- TASK INSTRUCTIONS
Below are records; please write out exactly the lines from the first line through the line containing "Mexen Exo-BR 3S", with no pictures.

(Image-text web data)
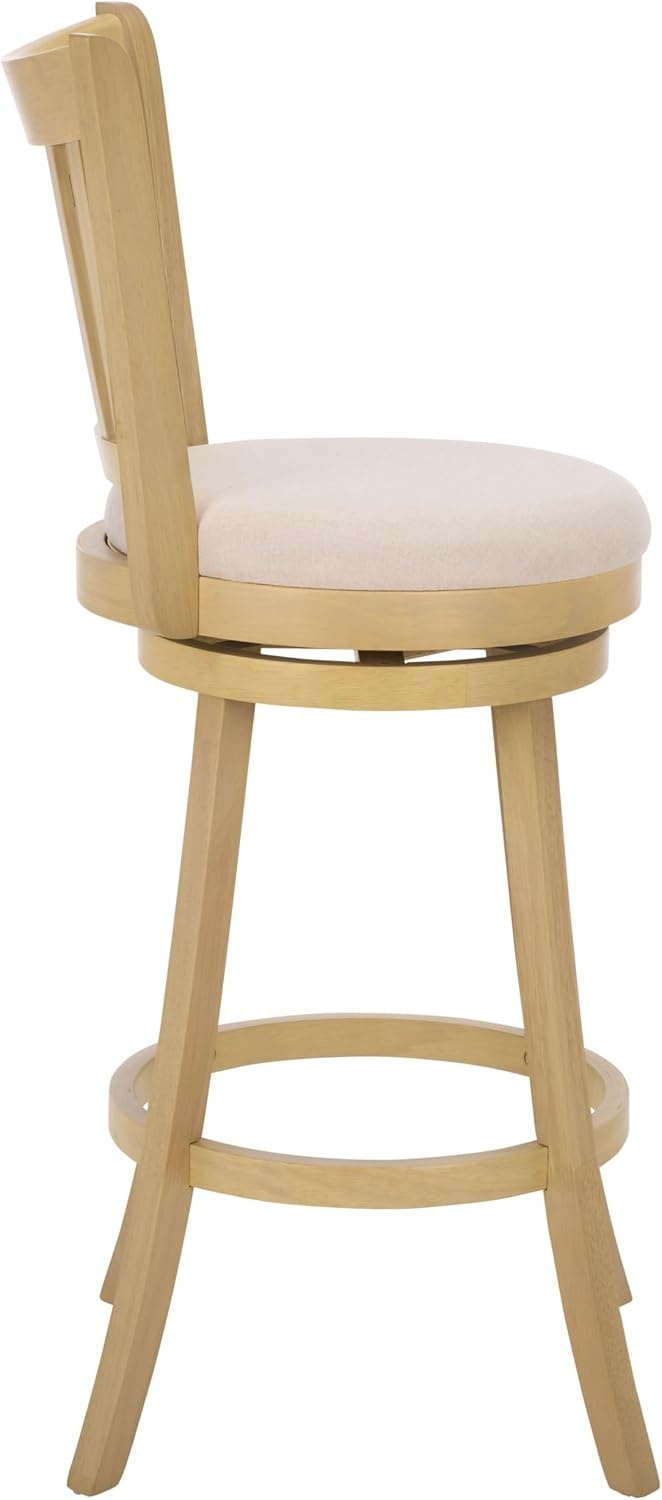 image:imageSAFAVIEH Furniture Maiko 29Inch Swivel Bar Stool Cream Linen amp Natural Solid Wood Ideal for Kitchen Dining Room Bar Seating BST5604ACreamNatural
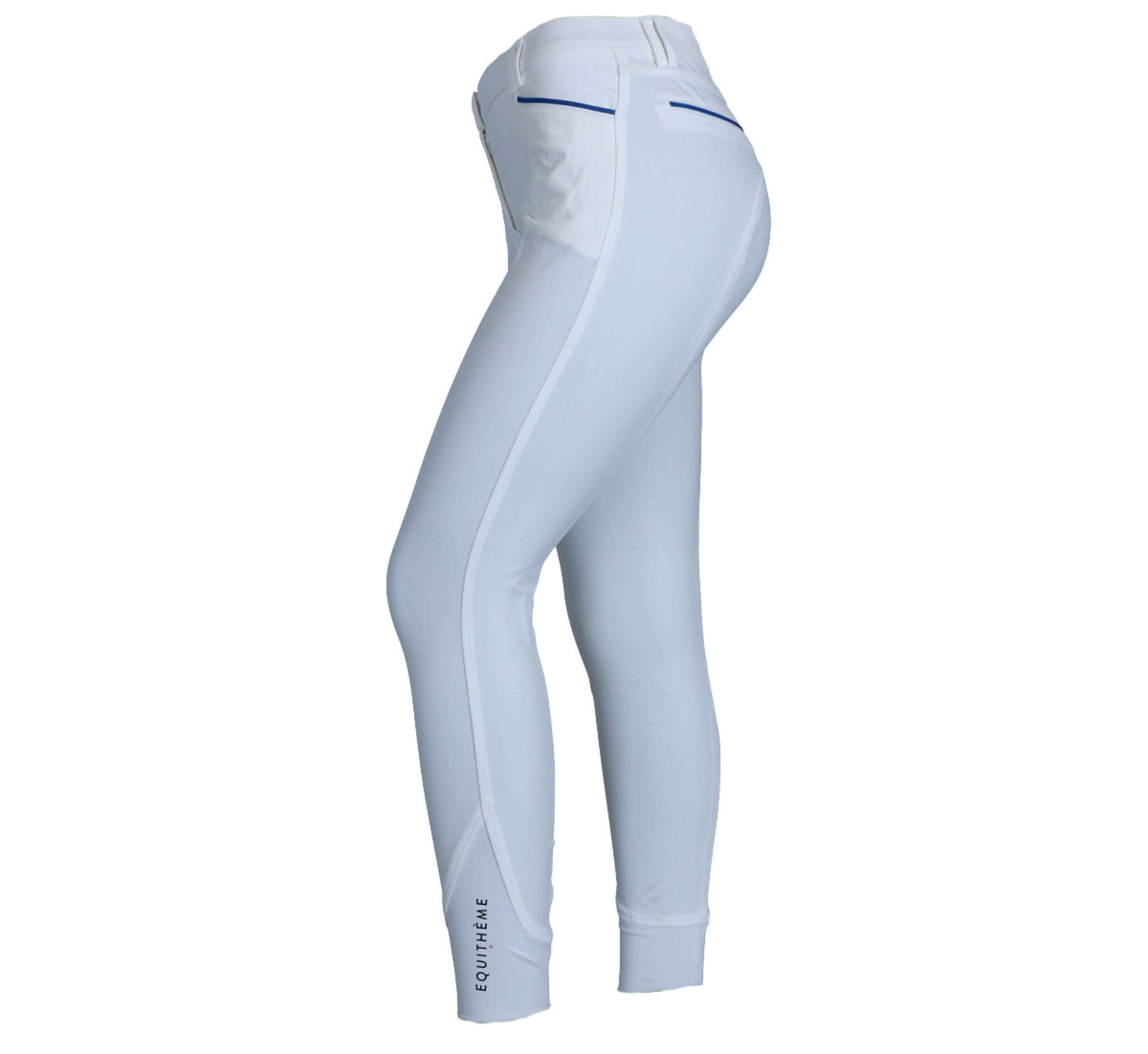 EQUITHÈME Pantalon d'Équitation Lassy Silicone Genouillères Blanc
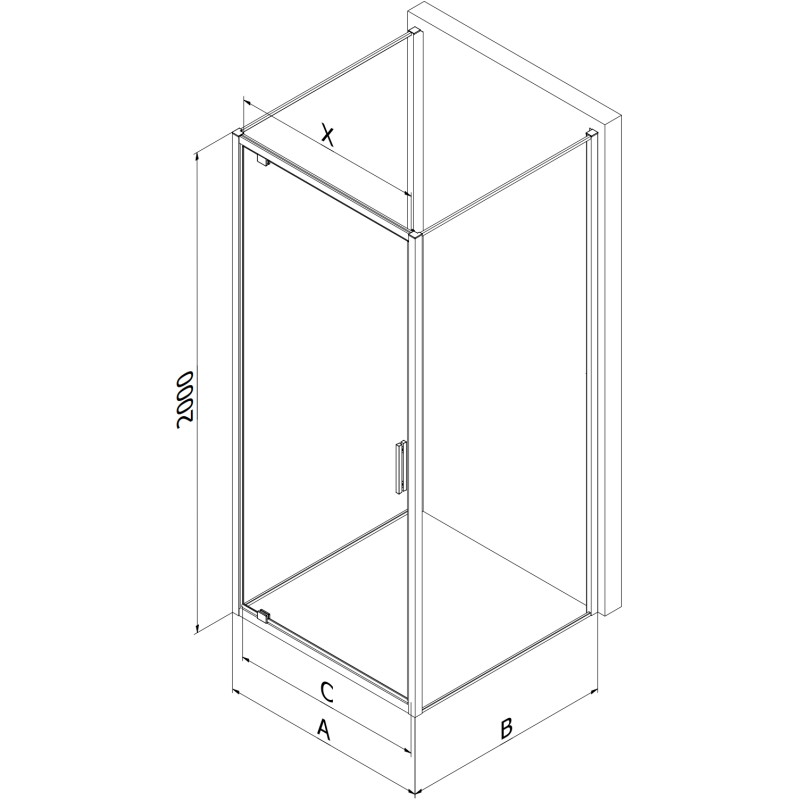 Mexen Exo-BR 3S sprchový kút 3-stenný otočný 90 x 90 cm, transparentný, čierny - 8181-090-090-70-00-3S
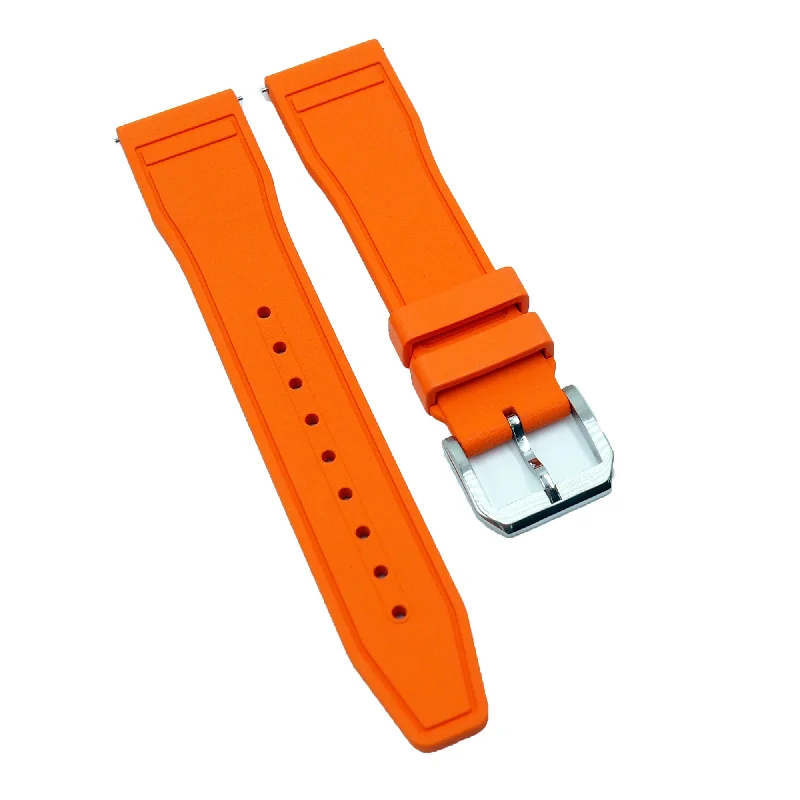 20mm, 21mm, 22mm Pilot Style Orange FKM Rubber Watch Strap For IWC, Semi Square Tail, Quick Release Spring Bars-IWC Watch for Discerning Clients -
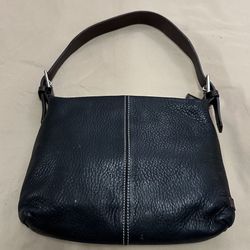 Vintage Dooney and Bourke Black Pebbled Leather Shoulder Bag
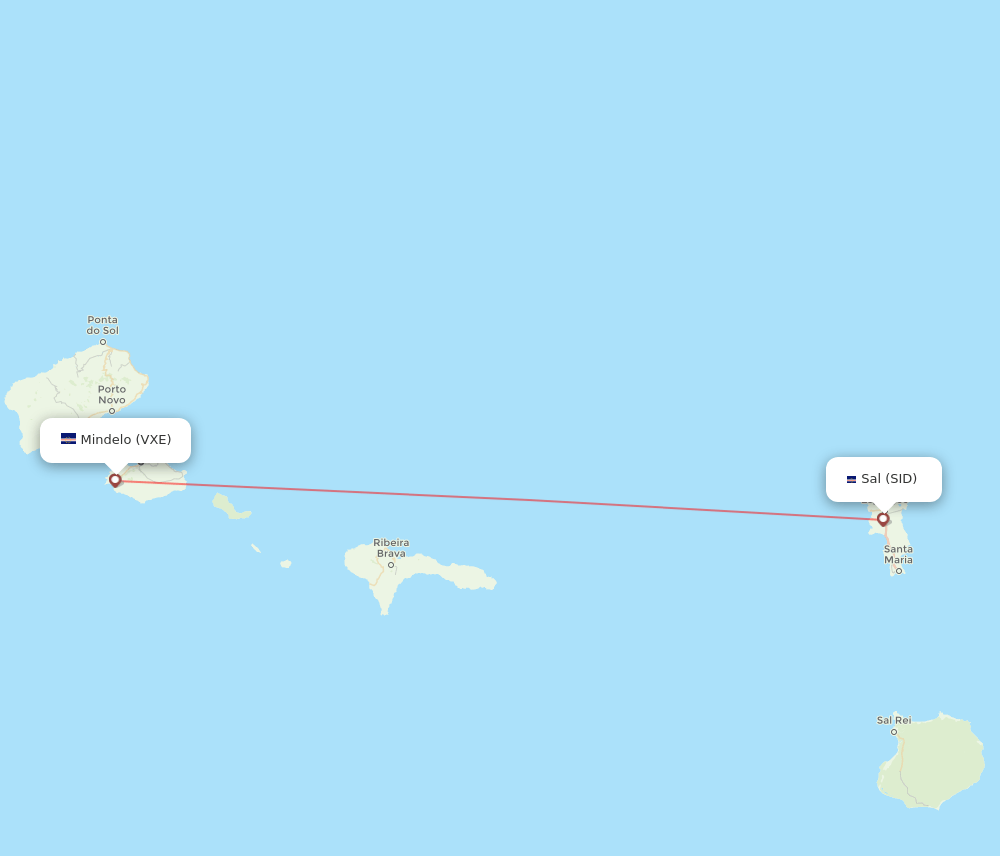 Sal - Sao Vicente route map and flight paths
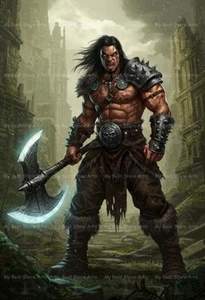 IMPRESIÓN ARTÍSTICA DE GUERRERO BÁRBARO DE FANTASÍA, póster de hacha, decoración de héroe muscular vikingo G094 - Imagen 1 de 2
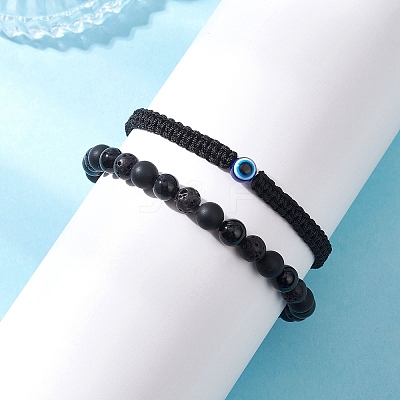 2Pcs 2 Styles Natural Black Onyx & Black Agate & Synthetic Lava Rock Beads Braided Bead Bracelets for Women BJEW-JB12591-1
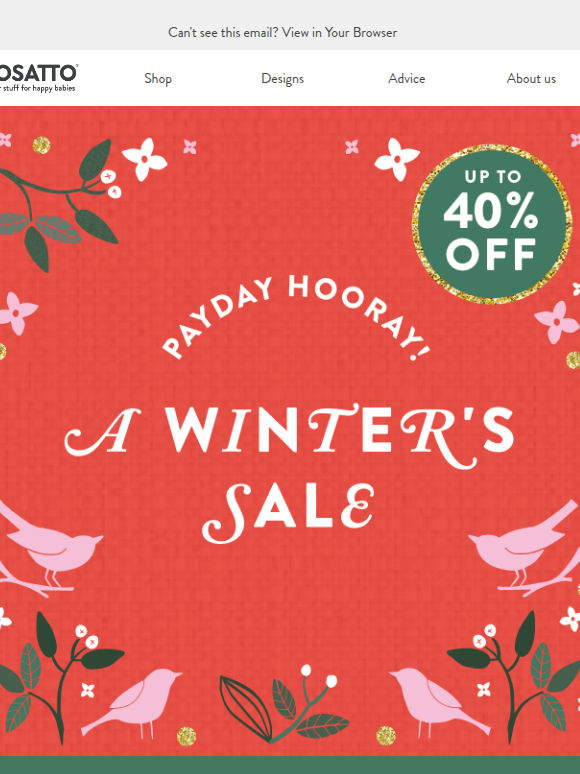 Payday Hooray! Save up to 40% NOW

- ANSWER FOR THIS EXERCISE
 image:imageSAFAVIEH Furniture Maiko 29Inch Swivel Bar Stool Cream Linen amp Natural Solid Wood Ideal for Kitchen Dining Room Bar Seating BST5604ACreamNatural
 EQUITHÈME Pantalon d'Équitation Lassy Silicone Genouillères Blanc
 Mexen Exo-BR 3S sprchový kút 3-stenný otočný 90 x 90 cm, transparentný, čierny - 8181-090-090-70-00-3S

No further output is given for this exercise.